Trancing is nothing to be concerned about although it may look incredibly strange. Your dog is likely just excited and confused by a new environment or object and is getting familiar with it by gingerly navigating the space.
14) Scooting: Dragging the rear end along the ground, potentially due to anal gland issues or irritation.
Scooting typically means you need to get up close and personal with your fur baby’s anus. They are irritated and scooting is their best method of remedying that. Time to step up as a parent and clean and squeeze out that anal gland!
15) Whining or crying while eating: Can indicate dental pain or other oral issues.
Whining or crying while eating is an issue that you must act on as soon as you notice it. If your dog cannot eat without being in pain their health will deteriorate quickly. A dog will cry while eating because of teeth and gum issues or tonsillitis. Get to a vet immediately.
16) Sudden onset of aggression: Unexplained aggression could be due to pain, fear, or neurological issues.
If your typically well mannered and otherwise healthy dog is showing a sudden onset of aggression it is your responsibility as their owner and caretaker to make a behavioral plan.
17) Excessive panting: May indicate pain, anxiety, overheating, or respiratory issues.
Excessive panting in dogs is a regulation system a dog will use in times of distress. Of your dog is dehydrated or overheated do your best to cool them off and get them to drink some water.
18) Trembling or shaking: Can be a sign of fear, anxiety, pain, or certain health conditions.
If your pupper is trembling the best thing you can do for them is comfort them. If the shaking and trembling is not a conditional reaction to its environment, consider a visit to the vet to make sure its not the result of an underlying condition.

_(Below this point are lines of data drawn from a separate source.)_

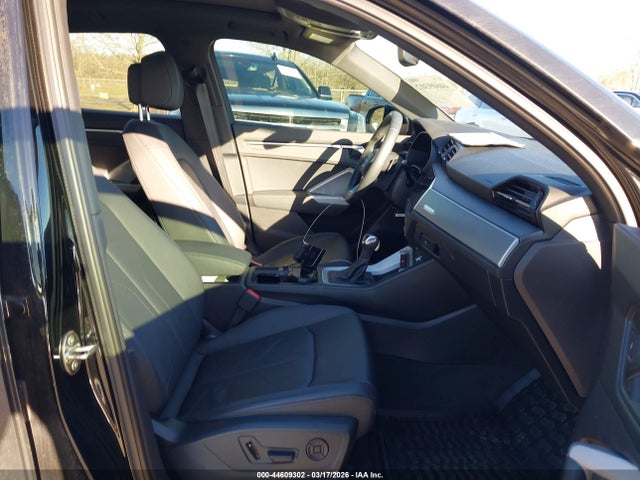 Продаж на аукціоні авто 2023 Audi Q3 Premium 45 Tfsi S Line Quattro Tiptronic, vin: WA1DECF30P1033276, номер лоту: 44609302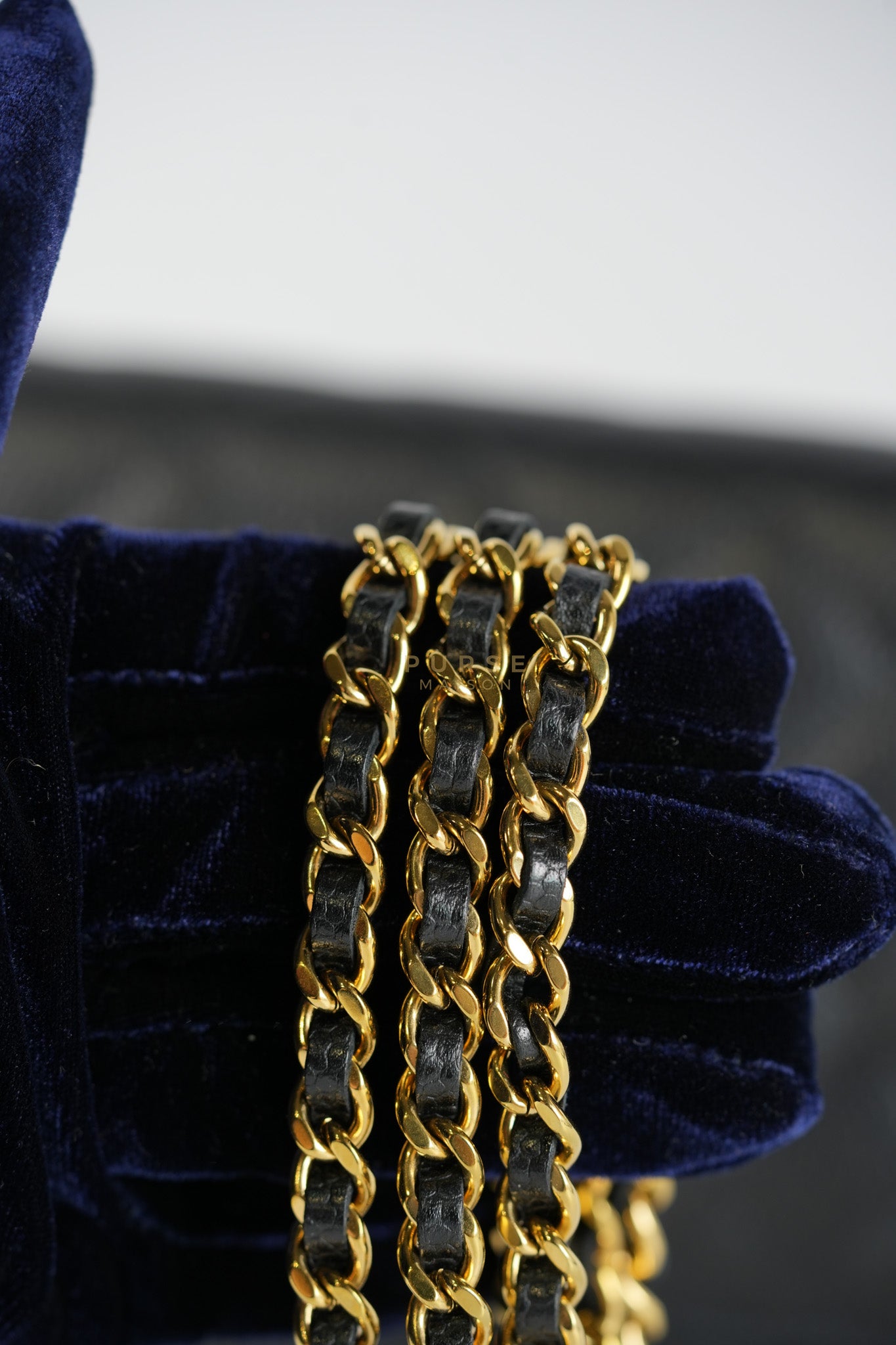 Wallet On Chain in Black Caviar Leather Gold Hardware (Microchip) | Purse Maison Luxury Bags Shop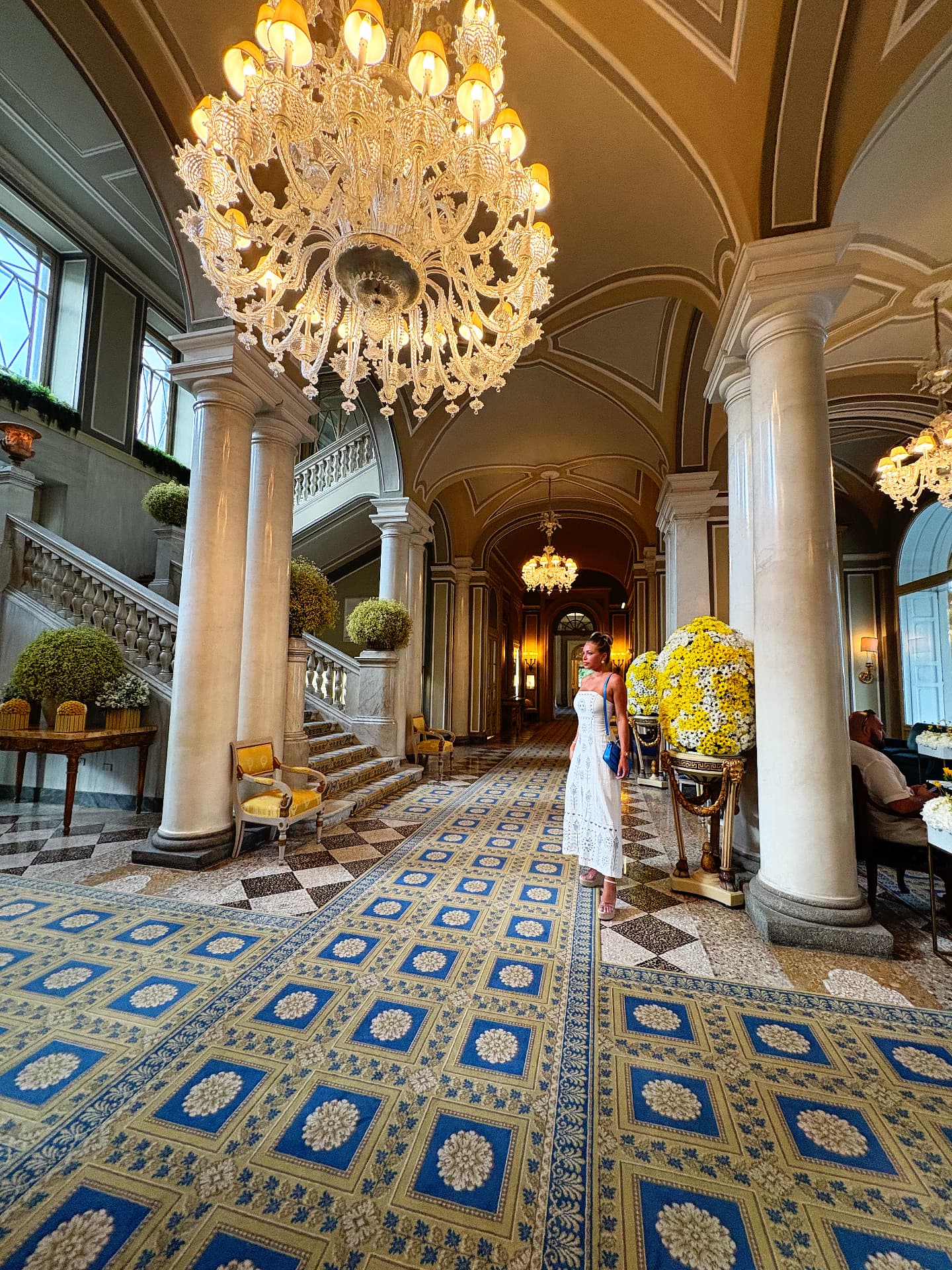 Cris dos Vinhos no lobby de hotel histórico italiano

19) Compulsive digging: Obsessive digging in the yard or at home, potentially a sign of boredom or anxiety.
Compulsive digging is not a health concern but rather an instinctual desire that your dog feels it must abide by. Although it might be somewhat annoying, you can try to to divert your dogs attention to a different activating or form of play.
20) Fainting or collapsing: Sudden loss of consciousness or muscle control, which can indicate a variety of medical issues.
A dog fainting or collapsing is a medical emergency and a trip to the veterinarian is a must. A dog will collapse due to cardiac or neurological issues.